Vaultwarden ou Bitwarden self-hosted: qual escolher?
Compare Vaultwarden e Bitwarden self-hosted: a stack oficial usa cerca de 12 containers e 2 GB de RAM, enquanto o Vaultwarden roda em um só.
O que o Vaultwarden e o Bitwarden self-hosted são na prática
A escolha entre Vaultwarden e Bitwarden self-hosted é uma escolha entre dois servidores que usam a mesma API de cliente, não entre dois gestores de palavras-passe. A própria stack do Bitwarden executa cerca de uma dúzia de contentores atrás do nginx, armazena tudo no Microsoft SQL Server e está associada a um ID de instalação que regista com um endereço de email.
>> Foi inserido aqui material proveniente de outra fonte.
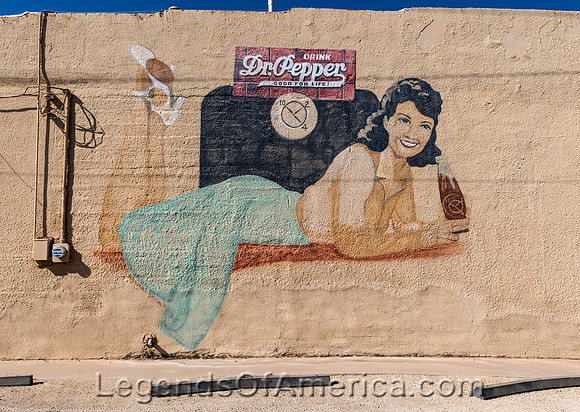 Dublin, TX - Dr Pepper Ad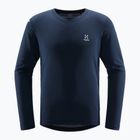 Haglöfs men's trekking t-shirt L.I.M Mid Roundneck navy blue 6047643N5015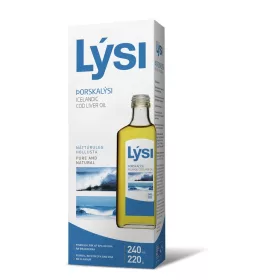 Lysi Natúr tőkehalmáj olaj 240ml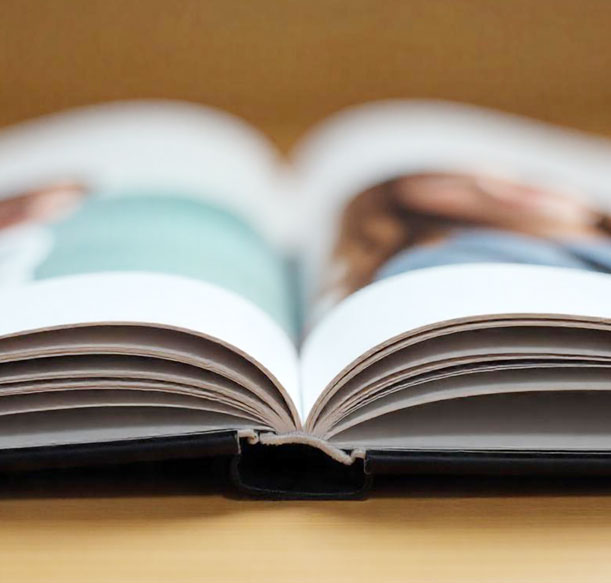 Family Hardcover Photo Album 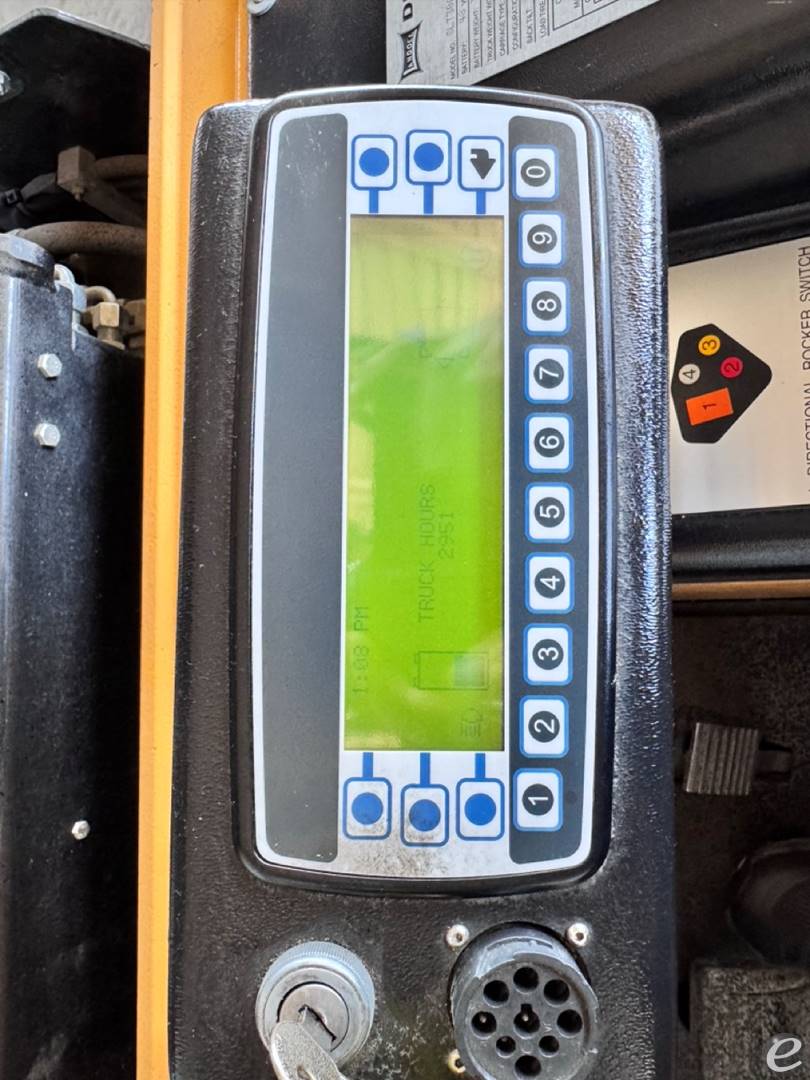 2012 Drexel SLT30AC Electric Forklift - 123Forklift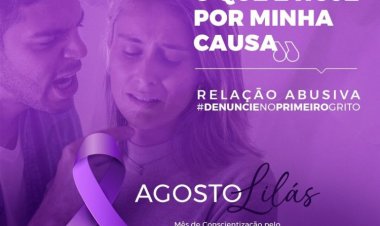 Blitz educativa: Prefeitura de Formosa e Secretaria de Desenvolvimento Social intensificam ações contra a violência contra a mulher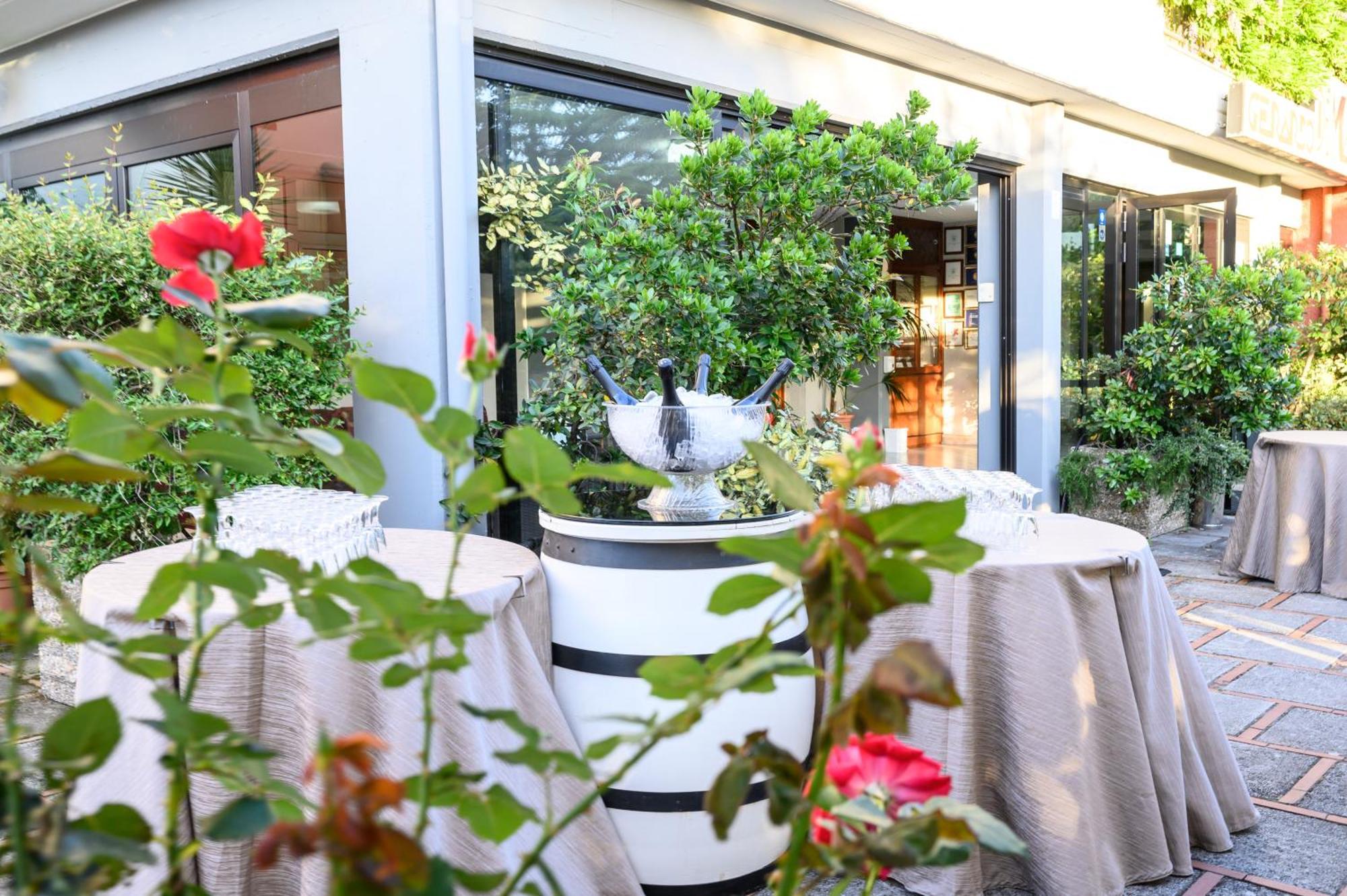 Ristorante Albergo Gerardo Di Masi Caposele Exterior foto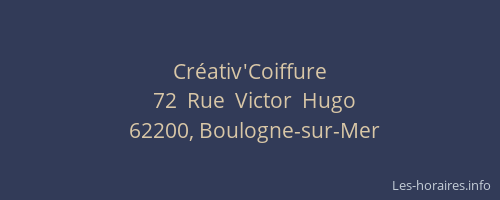 Créativ'Coiffure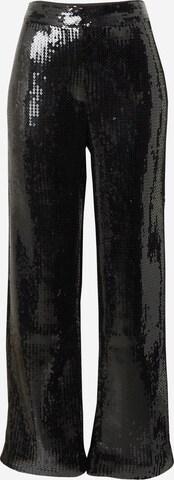 Samsøe Samsøe Regular Trousers 'Agneta' in Black: front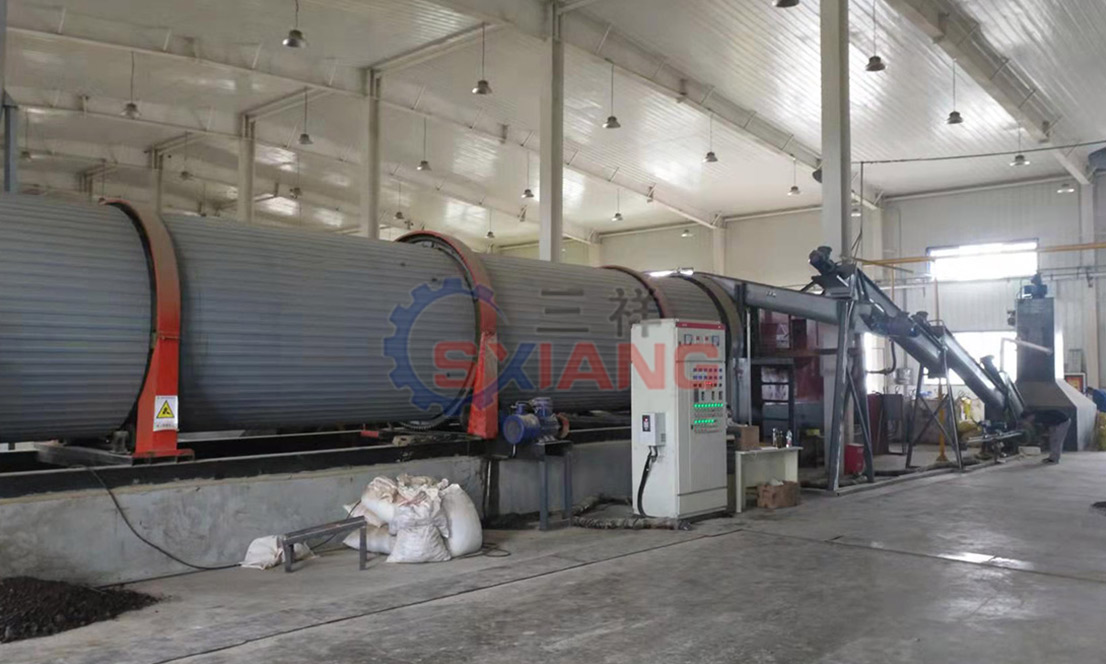 Complete drying equipment for slurry mixing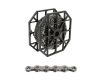 Ķēde X11R Grey + CL (1 m)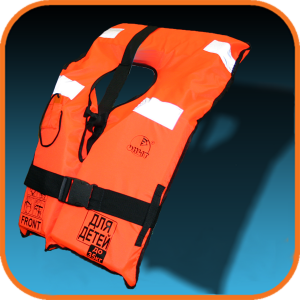 Жилет спасательный &quot;Нагрудник детский&quot; 2025 г.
O Vaultwarden é uma reimplementação não oficial da API de cliente do Bitwarden, escrita em Rust, que executa como um único contentor e usa um único ficheiro SQLite. A extensão do browser e o telemóvel não conseguem distingui-los, porque ambos respondem aos mesmos endpoints.
A encriptação é idêntica nos dois casos. Os clientes Bitwarden encriptam o cofre antes de qualquer dado sair do dispositivo. Assim, o servidor armazena blobs que não consegue ler. O formato do cofre também pertence ao Bitwarden nos dois casos. O que muda é a quantidade de recursos que precisa de alugar, quem mantém o código, que funcionalidades têm custos e aquilo que precisa de incluir nas cópias de segurança.
O README do Vaultwarden é claro quanto ao seu estado: "This project is not associated with Bitwarden or Bitwarden, Inc." É um projeto mantido por voluntários, sem serviço de suporte e sem garantia. Um dos mantenedores ativos trabalha na Bitwarden e contribui no seu tempo pessoal. Isso é uma cortesia, não um endosso.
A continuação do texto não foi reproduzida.